** Provided material follows **

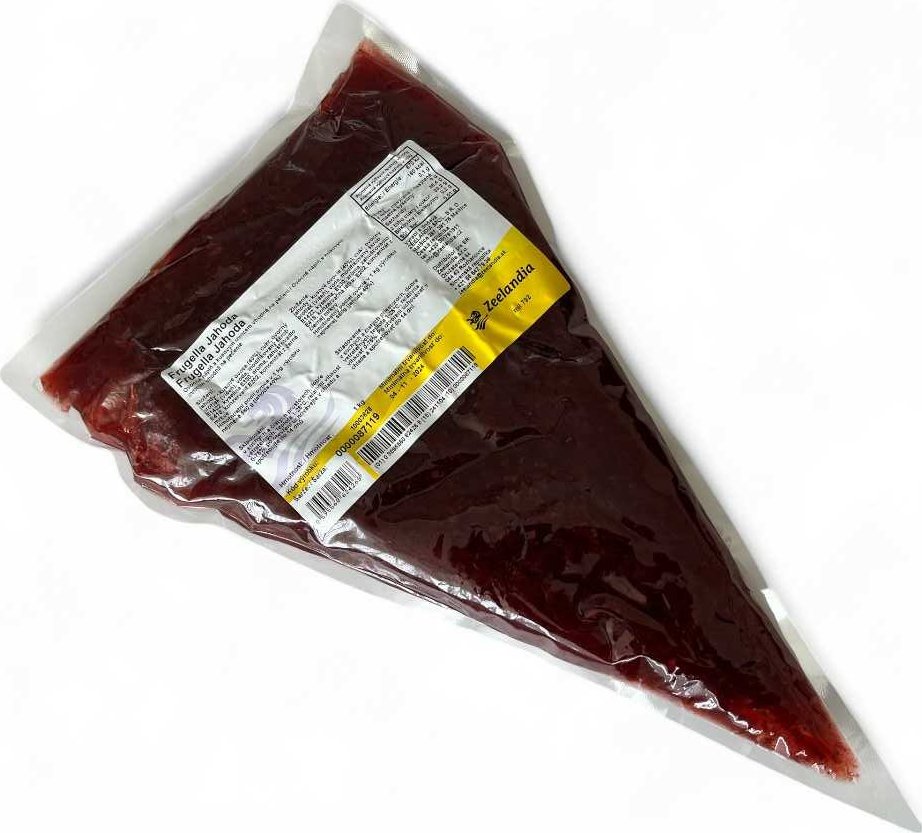 Zeelandia Ovocný gel Frugella jahoda 1kg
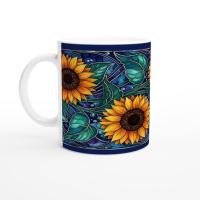 Sunflower Mug - Floral Cups -  Large and Small Ceramic Mugs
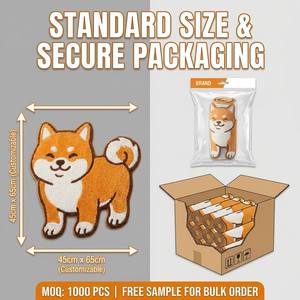 Alfombra <span class=keywords><strong>de</strong></span> Baño Moderna y Ecológica <span class=keywords><strong>de</strong></span> Microfibra Premium con Diseño <span class=keywords><strong>de</strong></span> Perro Shiba Inu, Antideslizante, Absorbente, Lavable a Máquina, 1500 GSM - Product Image 4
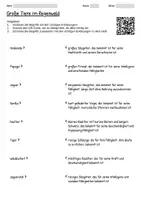 Vorschau - Arbeitsblätter - Arbeitsblätter "Regenwälder" + interaktive Lösungen & MP3s + Mindmap + Infografik - Seite 3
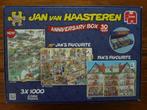 Jan van Haasteren puzzel - Anniversary Box 3 x 1000 st., Hobby en Vrije tijd, Denksport en Puzzels, Ophalen of Verzenden, 500 t/m 1500 stukjes
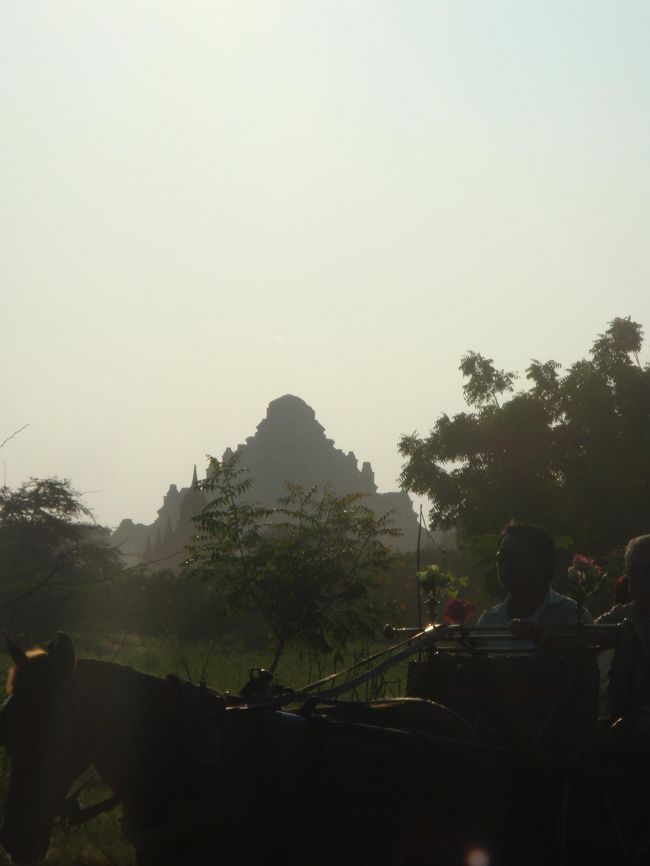 スラマニ寺院の門前で、馬車の運ちゃんに”ダマヤンジーって、どっち”って、聞いた所、指差されたのがこのピラミッド。<br /><br />あれがダマヤンヂー寺院やったんね。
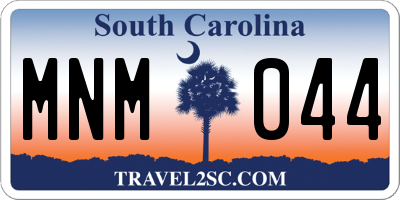 SC license plate MNM044
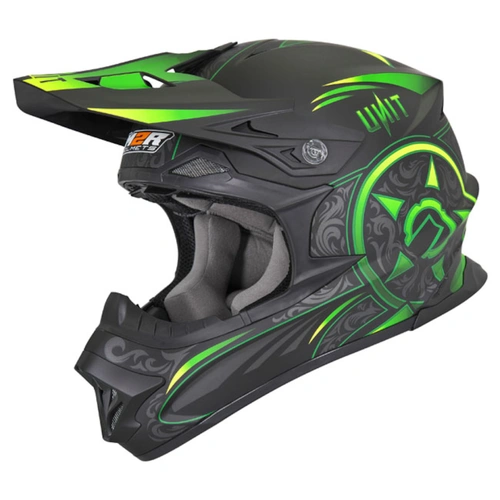 M2R Exo Unit Victorian MX Helmet (PC-4F) - Green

** End of Provided material **

Only the lines starting at the one that includes "Jan van Haasteren" and ending at the one that includes "SC license plate MNM044" should be retyped, exactly, from the records above; no pictures.

Answer for the task ->
 Jan van Haasteren puzzel - Anniversary Box 3 x 1000 st., Hobby en Vrije tijd, Denksport en Puzzels, Ophalen of Verzenden, 500 t/m 1500 stukjes
 スラマニ寺院の門前で、馬車の運ちゃんに”ダマヤンジーって、どっち”って、聞いた所、指差されたのがこのピラミッド。<br /><br />あれがダマヤンヂー寺院やったんね。
 SC license plate MNM044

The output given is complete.